* _Problem statement_
Your response should be an exact reproduction of the data below, beginning at the line containing "Sharpie The Ultimate" and ending with the final line.

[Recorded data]
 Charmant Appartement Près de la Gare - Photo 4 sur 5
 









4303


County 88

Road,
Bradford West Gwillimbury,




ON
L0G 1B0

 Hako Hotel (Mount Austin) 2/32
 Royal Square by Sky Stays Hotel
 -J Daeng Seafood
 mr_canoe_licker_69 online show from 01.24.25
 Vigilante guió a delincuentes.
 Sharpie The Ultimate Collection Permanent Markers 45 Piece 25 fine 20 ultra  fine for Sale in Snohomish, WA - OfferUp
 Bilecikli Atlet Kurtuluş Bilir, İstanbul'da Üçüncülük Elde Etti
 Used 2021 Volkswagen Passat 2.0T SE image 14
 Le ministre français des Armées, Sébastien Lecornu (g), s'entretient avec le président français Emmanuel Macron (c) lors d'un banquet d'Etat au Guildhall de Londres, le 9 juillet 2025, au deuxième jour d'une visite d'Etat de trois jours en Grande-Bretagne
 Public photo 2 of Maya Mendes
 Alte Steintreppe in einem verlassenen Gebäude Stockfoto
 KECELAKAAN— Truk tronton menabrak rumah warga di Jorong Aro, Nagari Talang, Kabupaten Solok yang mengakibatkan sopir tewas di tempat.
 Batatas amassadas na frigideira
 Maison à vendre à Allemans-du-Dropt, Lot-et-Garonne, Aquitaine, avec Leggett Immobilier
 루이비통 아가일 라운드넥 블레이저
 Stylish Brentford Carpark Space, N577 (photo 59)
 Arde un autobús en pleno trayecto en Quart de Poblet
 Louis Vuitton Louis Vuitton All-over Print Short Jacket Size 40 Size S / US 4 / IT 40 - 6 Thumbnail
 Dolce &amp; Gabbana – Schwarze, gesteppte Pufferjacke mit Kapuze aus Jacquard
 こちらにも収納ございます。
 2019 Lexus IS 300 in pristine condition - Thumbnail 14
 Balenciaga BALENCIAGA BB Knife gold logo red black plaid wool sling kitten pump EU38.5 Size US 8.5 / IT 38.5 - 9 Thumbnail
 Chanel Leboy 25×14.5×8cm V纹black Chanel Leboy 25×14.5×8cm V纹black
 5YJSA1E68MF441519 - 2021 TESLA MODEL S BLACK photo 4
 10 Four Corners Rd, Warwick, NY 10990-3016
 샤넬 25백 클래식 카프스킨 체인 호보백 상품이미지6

* _Result_
 Sharpie The Ultimate Collection Permanent Markers 45 Piece 25 fine 20 ultra  fine for Sale in Snohomish, WA - OfferUp
 Bilecikli Atlet Kurtuluş Bilir, İstanbul'da Üçüncülük Elde Etti
 Used 2021 Volkswagen Passat 2.0T SE image 14
 Le ministre français des Armées, Sébastien Lecornu (g), s'entretient avec le président français Emmanuel Macron (c) lors d'un banquet d'Etat au Guildhall de Londres, le 9 juillet 2025, au deuxième jour d'une visite d'Etat de trois jours en Grande-Bretagne
 Public photo 2 of Maya Mendes
 Alte Steintreppe in einem verlassenen Gebäude Stockfoto
 KECELAKAAN— Truk tronton menabrak rumah warga di Jorong Aro, Nagari Talang, Kabupaten Solok yang mengakibatkan sopir tewas di tempat.
 Batatas amassadas na frigideira
 Maison à vendre à Allemans-du-Dropt, Lot-et-Garonne, Aquitaine, avec Leggett Immobilier
 루이비통 아가일 라운드넥 블레이저
 Stylish Brentford Carpark Space, N577 (photo 59)
 Arde un autobús en pleno trayecto en Quart de Poblet
 Louis Vuitton Louis Vuitton All-over Print Short Jacket Size 40 Size S / US 4 / IT 40 - 6 Thumbnail
 Dolce &amp; Gabbana – Schwarze, gesteppte Pufferjacke mit Kapuze aus Jacquard
 こちらにも収納ございます。
 2019 Lexus IS 300 in pristine condition - Thumbnail 14
 Balenciaga BALENCIAGA BB Knife gold logo red black plaid wool sling kitten pump EU38.5 Size US 8.5 / IT 38.5 - 9 Thumbnail
 Chanel Leboy 25×14.5×8cm V纹black Chanel Leboy 25×14.5×8cm V纹black
 5YJSA1E68MF441519 - 2021 TESLA MODEL S BLACK photo 4
 10 Four Corners Rd, Warwick, NY 10990-3016
 샤넬 25백 클래식 카프스킨 체인 호보백 상품이미지6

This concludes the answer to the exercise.